University of Exeter

An international team of experts have joined forces to simplify laws and legal documents, making them clearer and easier for people and organisations to follow.

The complexity of rules often hinders rather than helps users, reducing innovation and competitiveness, and increasing compliance costs.

Members of European Legal Design Action (ELDA) want to make laws and legal documents more accessible in practice.

ELDA brings together experts in law, communication, design, and technology with policymakers and businesses to co-create tools and solutions that make law understandable, actionable, and easier to comply with.

They aim to improve top-down policy- and lawmaking, ensuring that future laws and guidance are designed with clarity, usability, and compliance in mind from the outset.

ELDA is a "COST Action", funded by European Cooperation in Science and Technology. The aim is to build legal design capacity across Europe, equipping a new generation of experts with the skills and tools to develop and apply innovative solutions.

The network now brings together 170 people or organisations from 38 countries, including lawyers and language experts. The main proposer was Ebru Metin (TalTech Estonia), but the project was also spearheaded by Helena Haapio (University of Vaasa, Finland and CEO of Lexpert).

As well as scholars from the majority of European countries, the network includes global members, from South Africa, Australia, Brazil, Canada, Chile, Colombia, New Zealand, South Korea, United States, as well as institutional partners from the European Parliament and the United Nations Entity for Gender Equality and the Empowerment of Women. Others can join the network if they wish as of mid-June 2026.

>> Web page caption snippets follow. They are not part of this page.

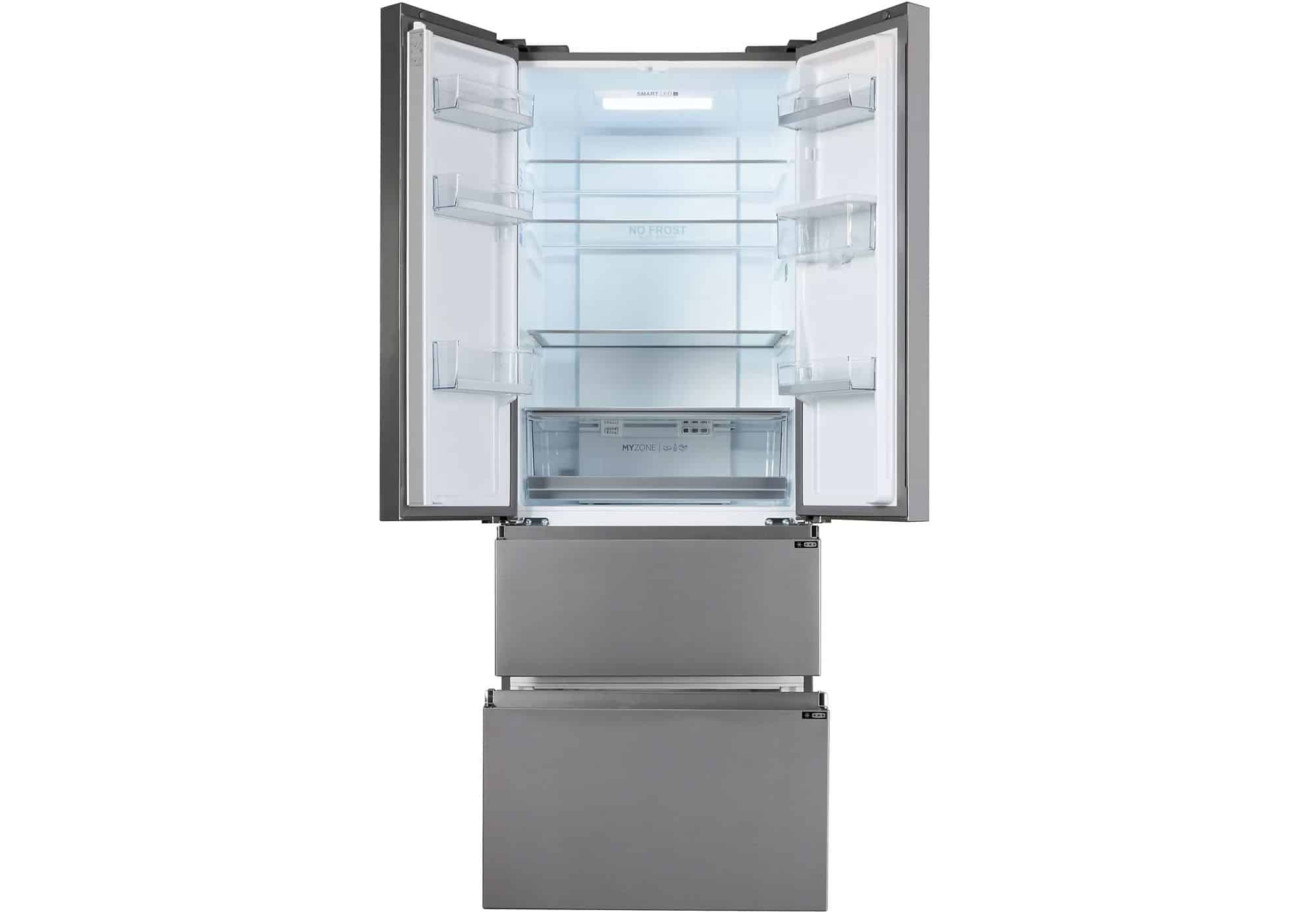 Réfrigérateur Haier HFR5719EWMG portes ouvertes montrant l’espace intérieur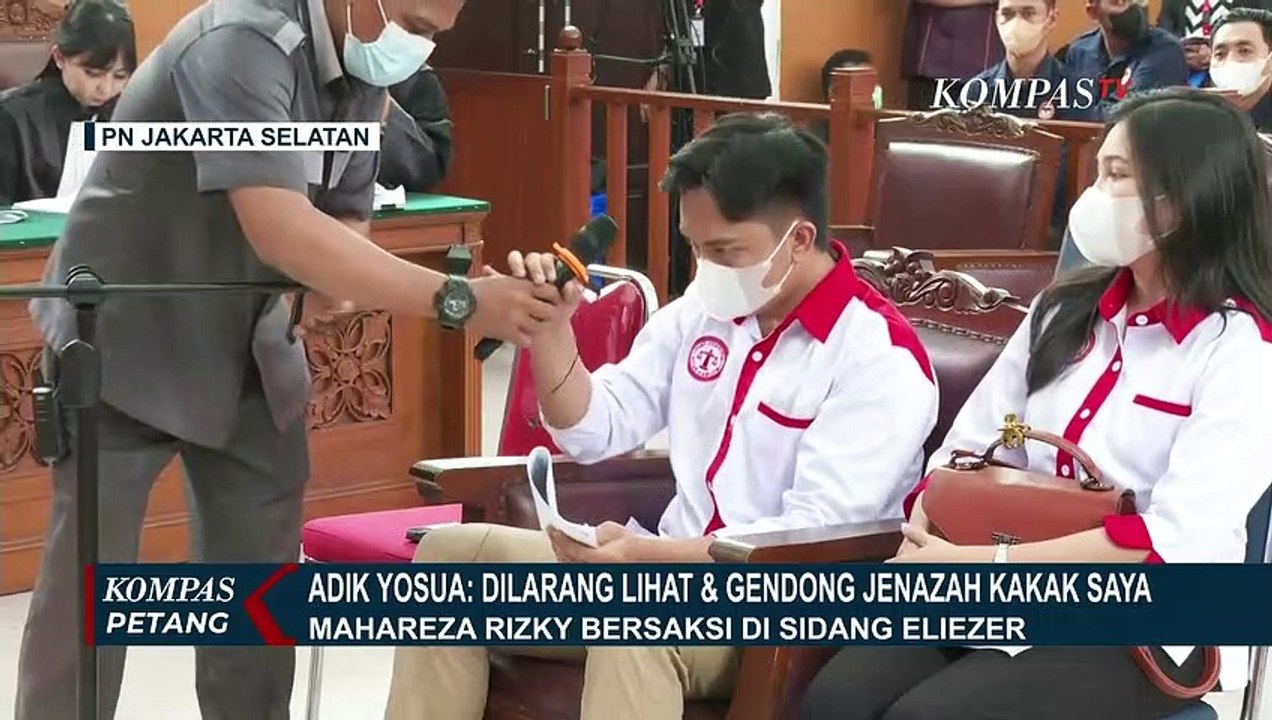 Bersaksi di Persidangan, Adik Brigadir J Sebut Sempat Dilarang Polisi Lihat Jenazah Sang Kakak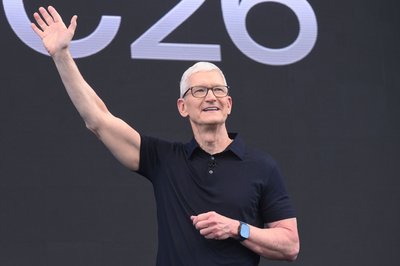 Für Tim Cook ist es die letzte WWDC als Konzernchef. Er übergibt die Führung zum September an John Ternus, der bisher für Geräte zuständig war.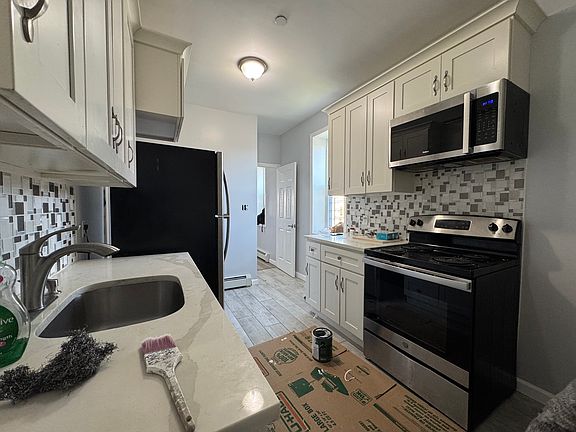 5th image of 78 Morningside Ave APT 1N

Professor Joasia Luzak, from the University of Exeter Law School, a member of the network, said: "It is crucial laws are aligned with the needs of society. Those which are "top down" often don't meet the needs of people and organisations using them. We want to reduce barriers and complexity, opening up the law, so people can better understand what the law says and costs of compliance are lower. The problem now is that legal drafting is inconsistent in quality and technical terms and legal jargon are often unnecessarily used.